WHAT THE TASK ASKS
The output must consist only of the lines from the one with "2 Pairs Soccer" through the end of the listing, restated exactly and free of pictures.

RECORD EXTRACTS
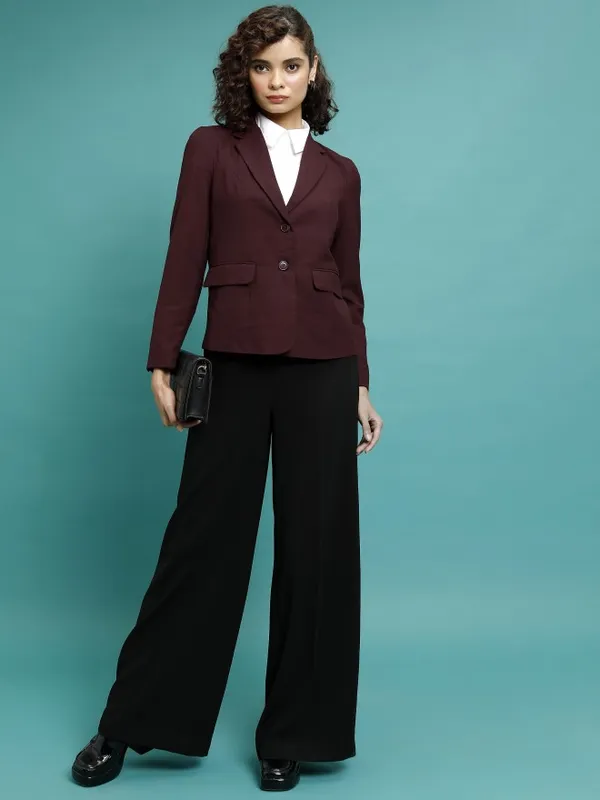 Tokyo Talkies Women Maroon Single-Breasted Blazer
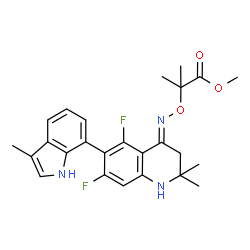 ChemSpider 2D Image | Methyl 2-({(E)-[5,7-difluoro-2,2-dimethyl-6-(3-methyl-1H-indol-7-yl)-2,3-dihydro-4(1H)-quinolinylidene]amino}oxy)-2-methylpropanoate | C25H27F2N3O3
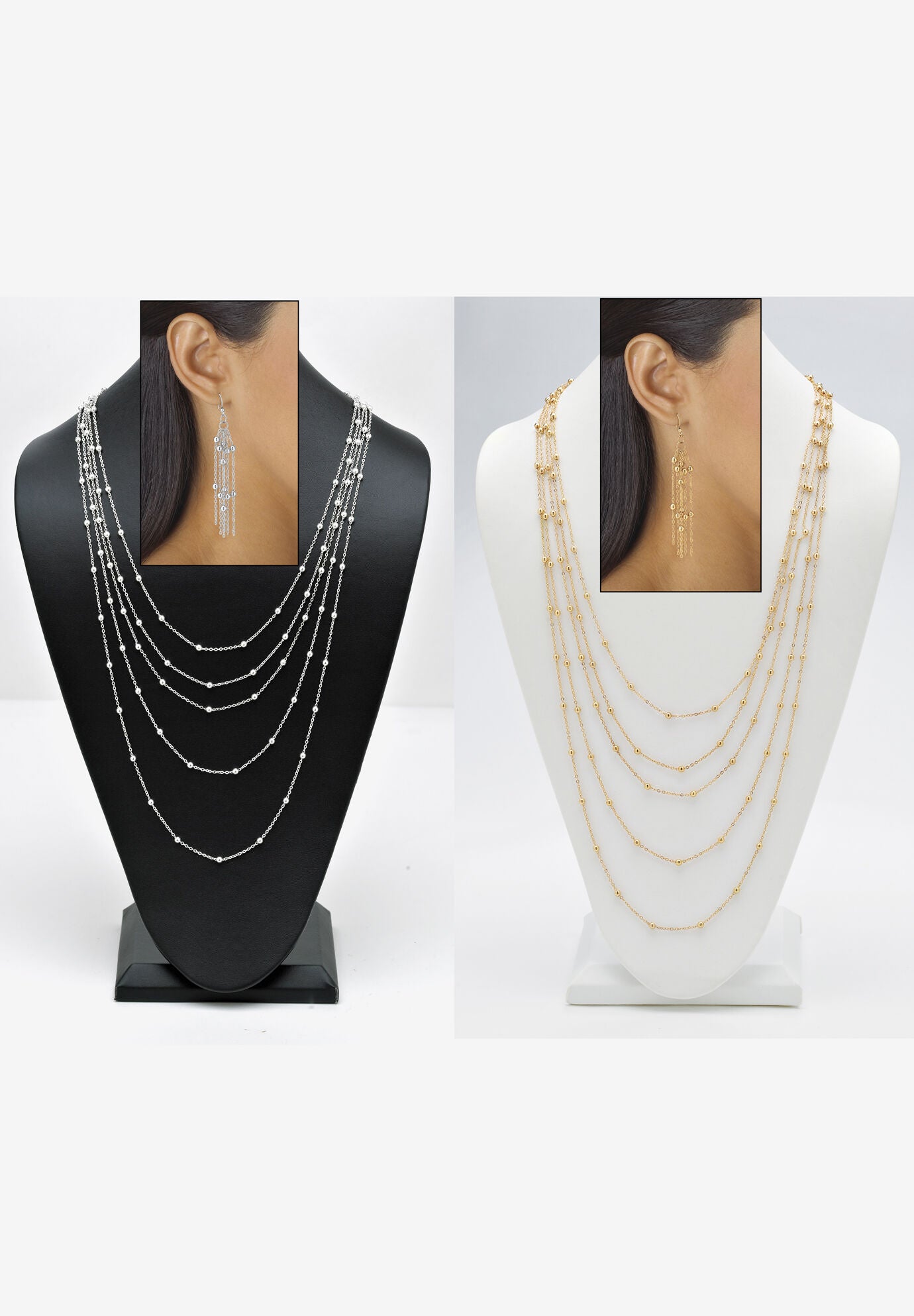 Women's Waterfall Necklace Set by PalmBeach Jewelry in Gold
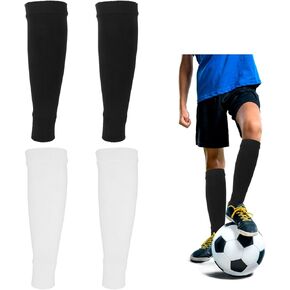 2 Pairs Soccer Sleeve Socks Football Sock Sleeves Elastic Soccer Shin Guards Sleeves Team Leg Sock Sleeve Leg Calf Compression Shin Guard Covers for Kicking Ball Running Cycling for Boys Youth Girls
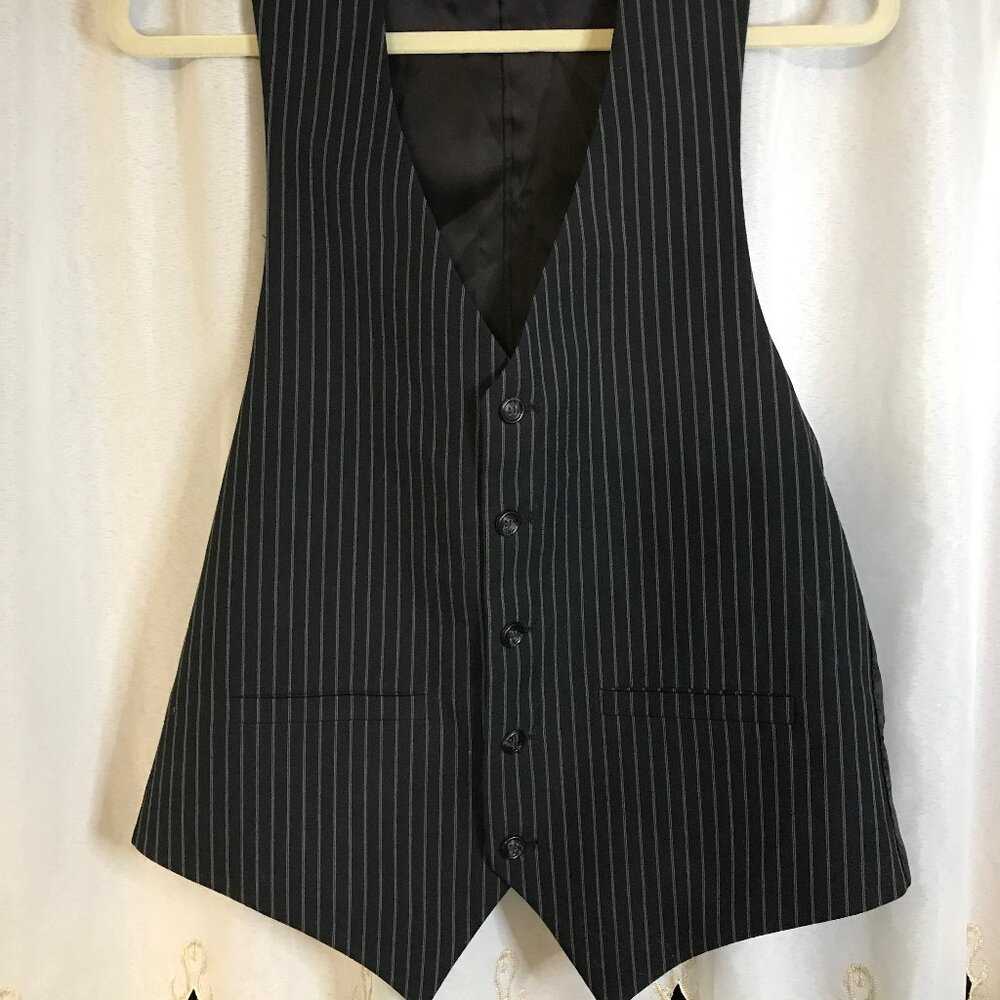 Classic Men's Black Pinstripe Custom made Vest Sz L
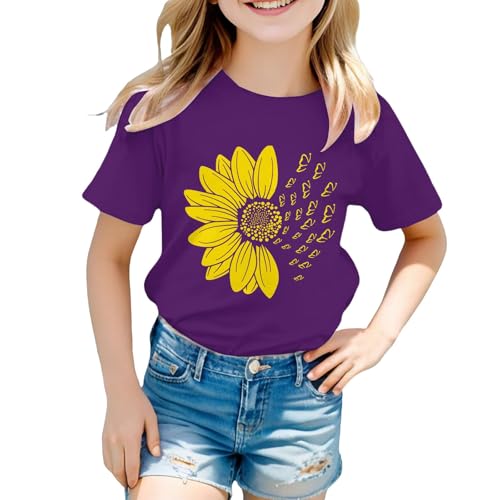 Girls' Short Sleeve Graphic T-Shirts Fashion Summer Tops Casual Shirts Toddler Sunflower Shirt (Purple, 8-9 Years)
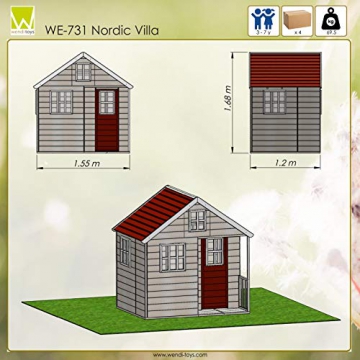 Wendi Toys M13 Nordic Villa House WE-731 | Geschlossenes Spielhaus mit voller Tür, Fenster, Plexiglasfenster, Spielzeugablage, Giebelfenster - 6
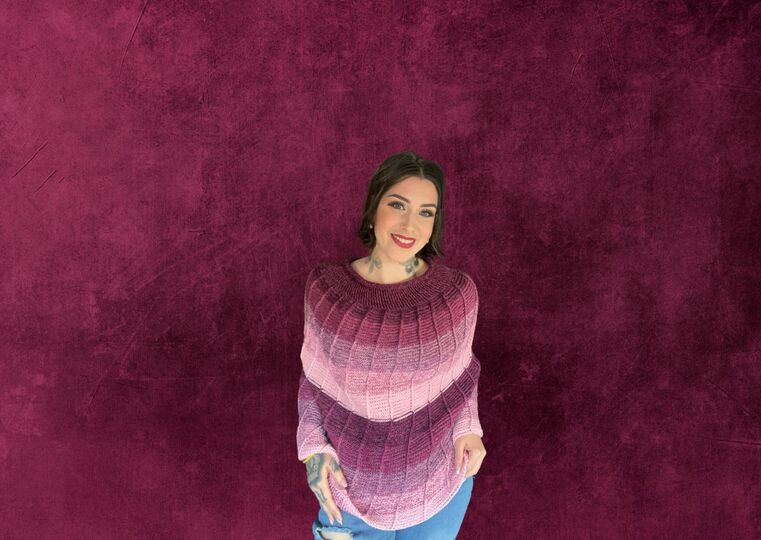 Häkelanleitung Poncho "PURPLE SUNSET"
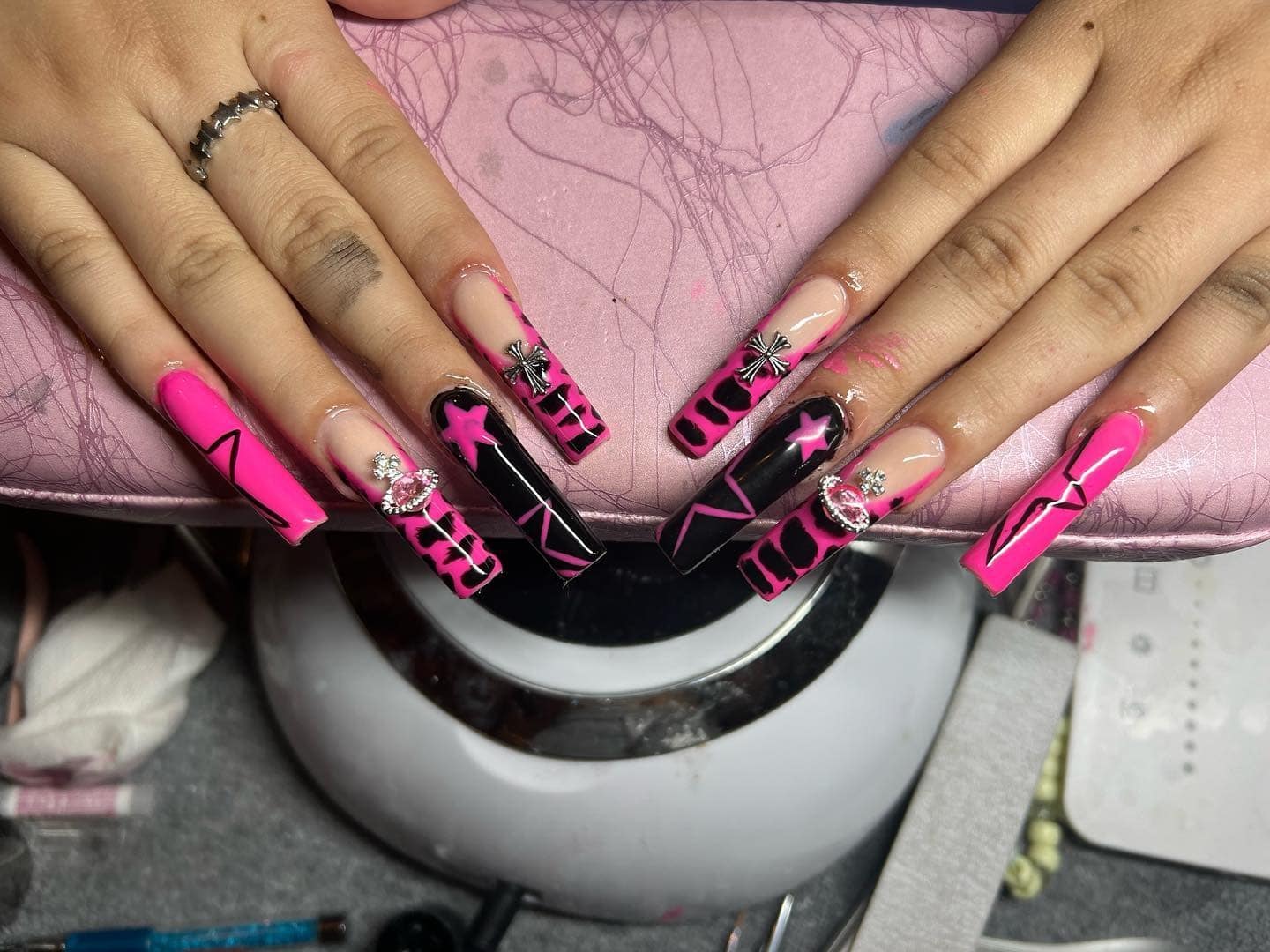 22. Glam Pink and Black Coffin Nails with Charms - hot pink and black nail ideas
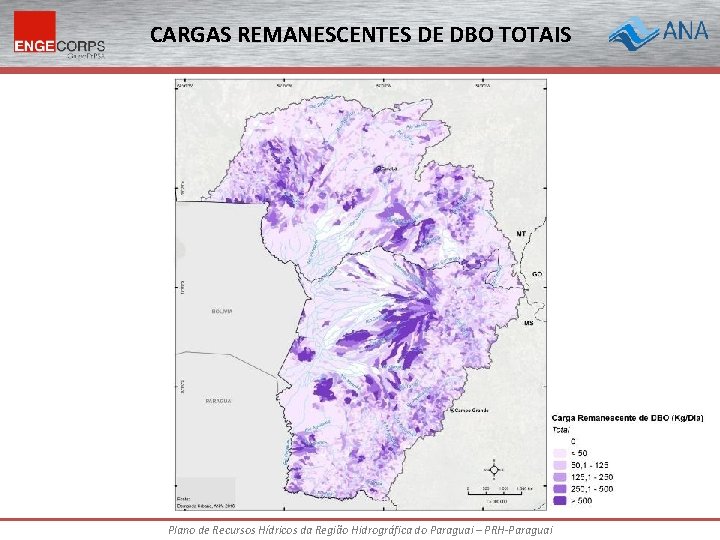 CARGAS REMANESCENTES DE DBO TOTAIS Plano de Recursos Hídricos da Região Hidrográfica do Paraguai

OUTPUT FOR THIS EXERCISE
 2 Pairs Soccer Sleeve Socks Football Sock Sleeves Elastic Soccer Shin Guards Sleeves Team Leg Sock Sleeve Leg Calf Compression Shin Guard Covers for Kicking Ball Running Cycling for Boys Youth Girls
 Classic Men's Black Pinstripe Custom made Vest Sz L
 Girls' Short Sleeve Graphic T-Shirts Fashion Summer Tops Casual Shirts Toddler Sunflower Shirt (Purple, 8-9 Years)
 Wendi Toys M13 Nordic Villa House WE-731 | Geschlossenes Spielhaus mit voller Tür, Fenster, Plexiglasfenster, Spielzeugablage, Giebelfenster - 6
 Häkelanleitung Poncho "PURPLE SUNSET"
 22. Glam Pink and Black Coffin Nails with Charms - hot pink and black nail ideas
 CARGAS REMANESCENTES DE DBO TOTAIS Plano de Recursos Hídricos da Região Hidrográfica do Paraguai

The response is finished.